# Python vs. Aqueon Water Changer



## bosmahe1 (May 14, 2005)

Hello, 

Can anybody tell me if the Python No Spill and Fill system is better than the Aqueon Water changer? If it is better, what makes it better? They are both about the same price.

Thanks in advance,

Henry


----------



## TAB (Feb 7, 2009)

IMO, they both suck. You are much better off with a brute trash can with wheels and a small pump. then either of those systems. That way you can have your wc water ready to go, heated, aired and aged.


----------



## bosmahe1 (May 14, 2005)

Thanks for the reply.


----------



## freshyleif (Jan 9, 2008)

Ok I have to chime in here because I am very surprised that with all the DIY lovers around no one else has done this.:-k If you go to your local hardware store and get a cheap light weight garden hose and a thread adapter for one of your faucets in the house (I use the kitchen). It shouldn't cost more than $10 to $15. I personally made my old siphon connect to the end by getting a hose fitting that clamps on the clear tubing and is threaded on the other side. I think it is sold as a hose repair part but I don't know the real name. I got a 50ft hose so I can go outside onto my lawn when draining my 80g and 50g. So I hope someone else finds this useful since I like others liked the idea of the python not the price so much.
Just to be real clear here are the parts:

1) faucet to hose thread adapter
2) cheap garden hose (length of choice)
3) shut off valve
4) hose end repair part ( sorry I don't have the actual name)


----------



## bosmahe1 (May 14, 2005)

freshyleif said:


> Ok I have to chime in here because I am very surprised that with all the DIY lovers around no one else has done this.:-k If you go to your local hardware store and get a cheap light weight garden hose and a thread adapter for one of your faucets in the house (I use the kitchen). It shouldn't cost more than $10 to $15. I personally made my old siphon connect to the end by getting a hose fitting that clamps on the clear tubing and is threaded on the other side. I think it is sold as a hose repair part but I don't know the real name.
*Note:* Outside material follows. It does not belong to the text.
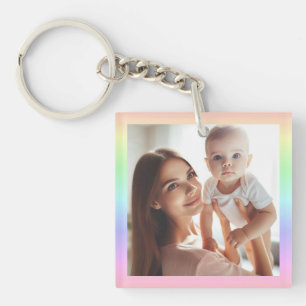 Personalized Photo Two-Sided Rainbow Colourful Fun Keychain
I got a 50ft hose so I can go outside onto my lawn when draining my 80g and 50g. So I hope someone else finds this useful since I like others liked the idea of the python not the price so much.
> Just to be real clear here are the parts:
> 
> 1) faucet to hose thread adapter
> ...


Thanks, I started thinking about diying something so it would be more robust and of course, cheaper. Is it really safe to fill an aquarium with a garden hose? I would prefer to buy clear tubing at home depot to make something but, not sure what adapters are available for that.


----------



## bigstick120 (Mar 8, 2005)

And there is a Lee's brand. I have that and it works well.


----------



## freshyleif (Jan 9, 2008)

It has been working for over a year. Of course you can always get clear tubing if you are so inclined. I have to say that IMHO the clear tubing is not any cleaner than the hose when you buy them from the store. Good figuring and hope you end up happy with the final choice.:clap2: Ask some one to help find them I know exactly where they are at my Home Depot and OSH. They should be there.


----------



## Zapins (Jul 28, 2004)

freshyleif said:


> Ok I have to chime in here because I am very surprised that with all the DIY lovers around no one else has done this.:-k If you go to your local hardware store and get a cheap light weight garden hose and a thread adapter for one of your faucets in the house (I use the kitchen). It shouldn't cost more than $10 to $15. I personally made my old siphon connect to the end by getting a hose fitting that clamps on the clear tubing and is threaded on the other side. I think it is sold as a hose repair part but I don't know the real name. I got a 50ft hose so I can go outside onto my lawn when draining my 80g and 50g. So I hope someone else finds this useful since I like others liked the idea of the python not the price so much.
> Just to be real clear here are the parts:
> 
> 1) faucet to hose thread adapter
> ...


I did exactly this for several years before I switched to a DIY automatic water change system.


----------



## bosmahe1 (May 14, 2005)

Zapins said:


> I did exactly this for several years before I switched to a DIY automatic water change system.


Zapins,

Did you use garden hose too? I remember reading something that said garden hoses had something in the plastic that keeps it plyable that isn't safe for animals. Not sure if it's a wives tale or not, I used to fill up my dog's water bowl with a hose when I was a kid. I can't imagine pond owners do anything other than fill up the pond with a garden hose.


----------



## bosmahe1 (May 14, 2005)

freshyleif said:


> Ok I have to chime in here because I am very surprised that with all the DIY lovers around no one else has done this.:-k If you go to your local hardware store and get a cheap light weight garden hose and a thread adapter for one of your faucets in the house (I use the kitchen). It shouldn't cost more than $10 to $15. I personally made my old siphon connect to the end by getting a hose fitting that clamps on the clear tubing and is threaded on the other side. I think it is sold as a hose repair part but I don't know the real name. I got a 50ft hose so I can go outside onto my lawn when draining my 80g and 50g. So I hope someone else finds this useful since I like others liked the idea of the python not the price so much.
> Just to be real clear here are the parts:
> 
> 1) faucet to hose thread adapter
> ...


Freshyleif,

What kind of shut off valve do you suggest? Do you mean a regular hose nozzle?


----------



## gonathan85 (Sep 12, 2009)

I don't mind to thread jack...but if you're using a python or similar garden hose setup for water changes...where does the dechlorinator come in? Are you guys adding it directly to the tank as you do a fill?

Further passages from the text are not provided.